This tutorial covers the least-squares line. The least-squares line is the most common way to find the line of best fit. Now, it's calculated by minimizing the sum of the squares of the vertical distances from the line of best fit to each point.
So now, the sum of the squares-- the reason we are squaring it is to make sure that the differences-- the positive and negatives aren't just cancel each other out. And for the least-squares line, we're looking at those vertical distance. So let's see a visual example of how that would work.
This blue line here is our least-squares line for these 1, 2, 3, 4, 5 points. Now, the vertical distances are from the point to that line, so these lines that I'm adding on now are showing the vertical differences. And a program like a spreadsheet program will be able to do all those calculations for you in order to find out which one-- which line offers the smallest difference of those-- smallest sums of the squared differences.
Now, we've already talked about this. It's the most common way to find the line of best fit, and it's missing minimizing the sum of the squares of those vertical distances from the line of best fit each point. Now, goes through the point that is the mean of the x's and the mean of the y's, and that's always going to be true of the least-squares line.

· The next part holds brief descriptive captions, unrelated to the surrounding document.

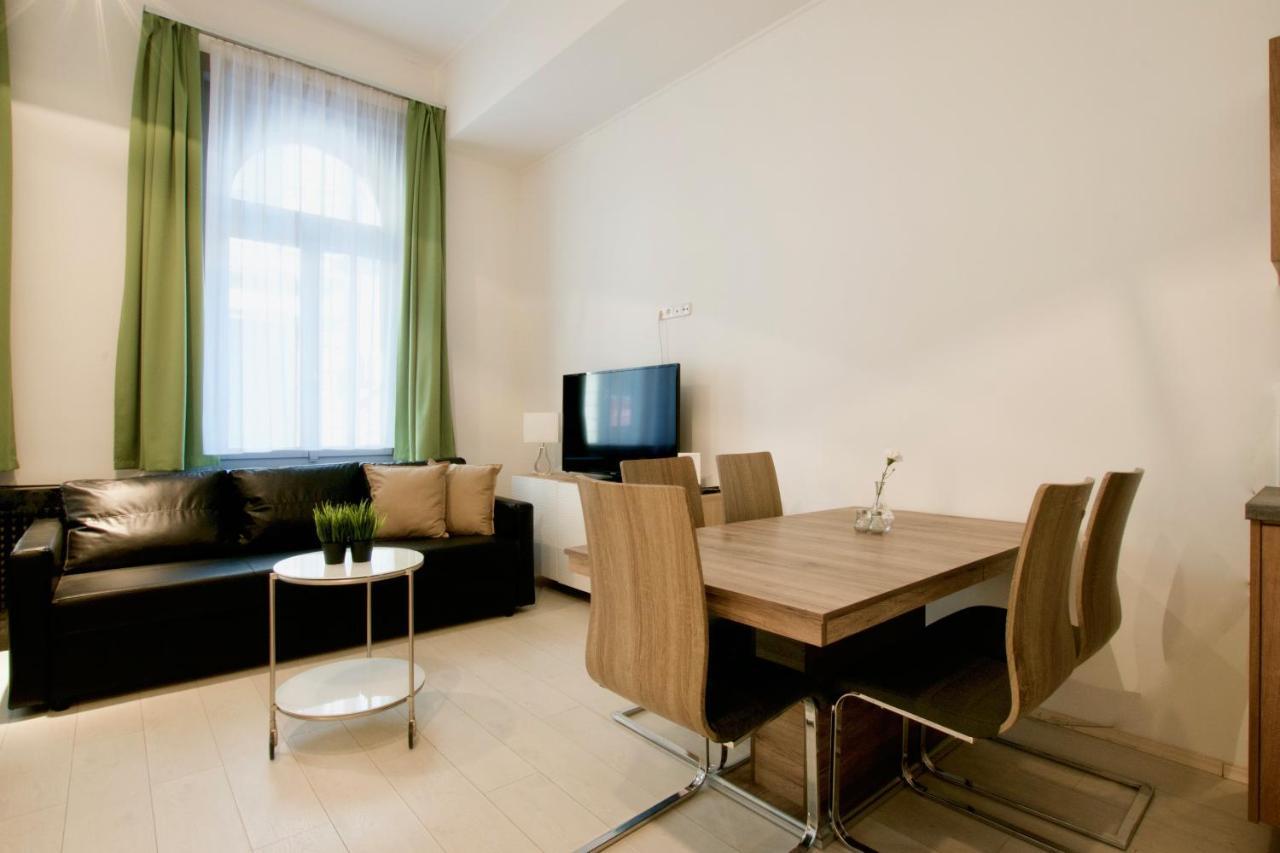 St. King 1 By Hi5 Apartments Budapeşte Dış mekan fotoğraf
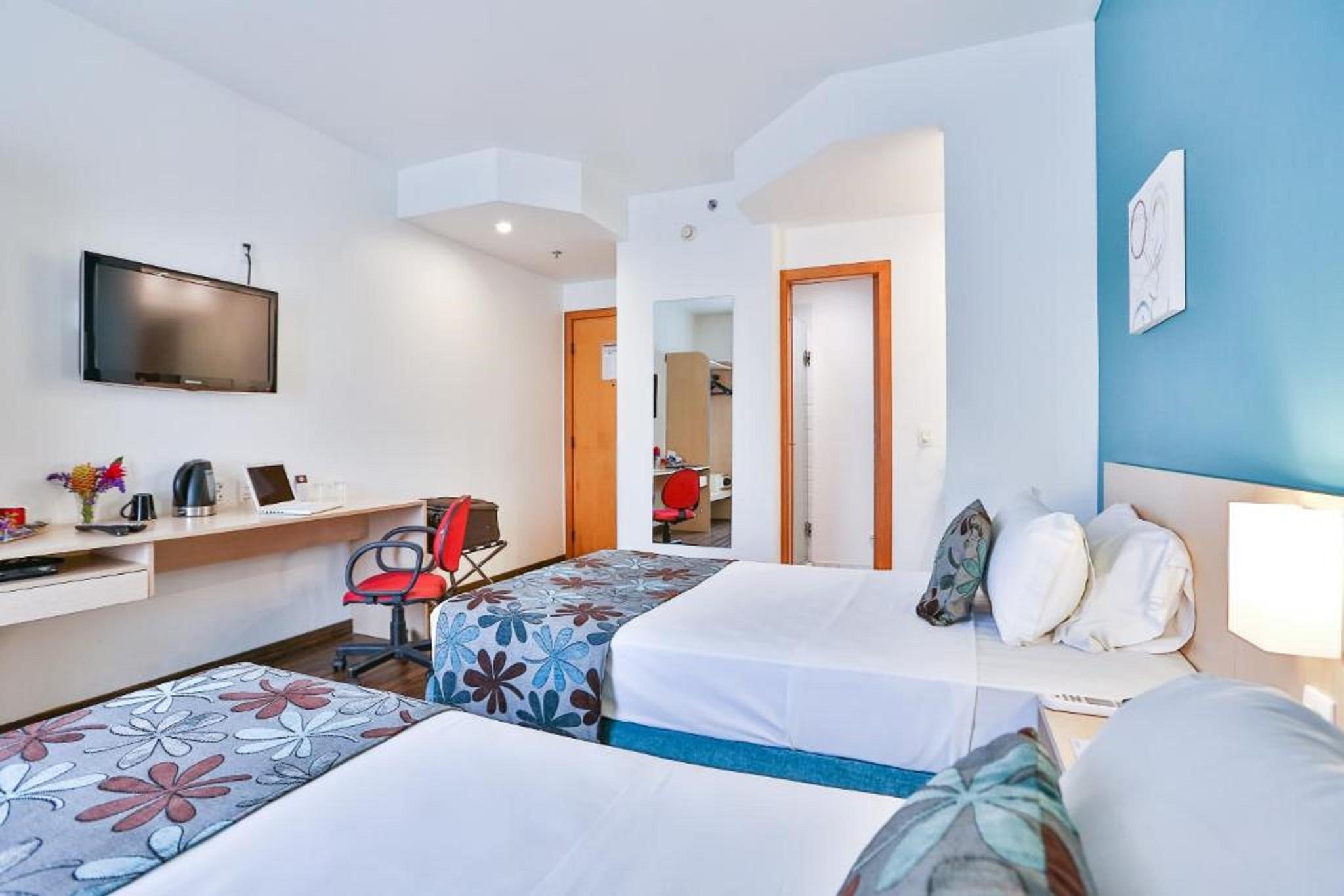 Comfort Hotel Joinville Zewnętrze zdjęcie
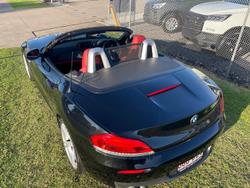 2016 BMW Z4 sDrive20i Edition M Sport E89 LCI Black Sapphire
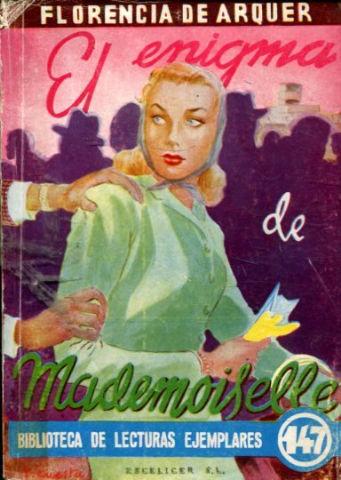 EL ENIGMA DE MADEMOISELLE.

Additionally, the slope of our least-squares line-- it's r times the standard deviation of y divided by the standard deviation of x. So let's look at an example. Before we look at our example, just to refresh, when we talk about x bar, that's the mean of the x's, and we're using x with a bar on top. And this is for a sample.
And y bar is going to be the mean of the wise for a sample, and it's the y with the bar on top. So here's our example. And in our example, we have five subjects, their ages, and their current glucose levels. And because we're doing a sample, our slope formula is going to be right here.
And we need to find our mean of the x's and mean of the y's in order to get a point on our least-squares line, and then we can calculate our slope using the r and then the two standard deviations. So I use my spreadsheet program in order to calculate the standard deviations, and I found that the standard deviation of x was 14.7 the standard deviation of y was 12.8.
And then similarly, I've previously calculated the r to find that it was 0.637. In order to find the mean of the x's, I added up all the x's and divided by 5, and I got 37.6. And I did the same thing in order to find the mean of the y's. I added up the five y values and then divided by 5, and ended up with 81.
Now, I'm going to move the data out of the way so that we can find the equation for our least-squares line. So first, I'm going to calculate the slope. So for the slope, we have r times the standard deviation of y-- so 0.637 times 12.8. And then we're going to divide by the standard deviation x-- so divided by 14.7. And that is for finding our slope.
Now, when I type that into a calculator, I get 0.5547. And this is rounded, but that's OK. Now that I have a slope and I have a point in the line, we can solve to find out what our y-intercept is going to be. So we're going to start off with y equals-- and our slope is 0.5547x-- plus b.
For the x, I'm going to use the x bar value. For the y, I'm going to use the y bar value. So we're going to have 81 equals 0.5547 times 37.6 plus b. Now, when I multiply those two values together, I get 20.8567.
And then I'm going to subtract that value from both sides, and that is going to give me my b. It's going to let me know what the y-intercept is for this least-squares line. And we find out that 60.1433 is the b value.
Now, in order to combined together the b and the slope into my least-squares line, we're just going to write out y equals 0.5547x plus 60.1433. And your spreadsheet program can calculate this line for you, but this is how you would do that at least partially by hand. So this has been your tutorial on least-squares line and how to find it.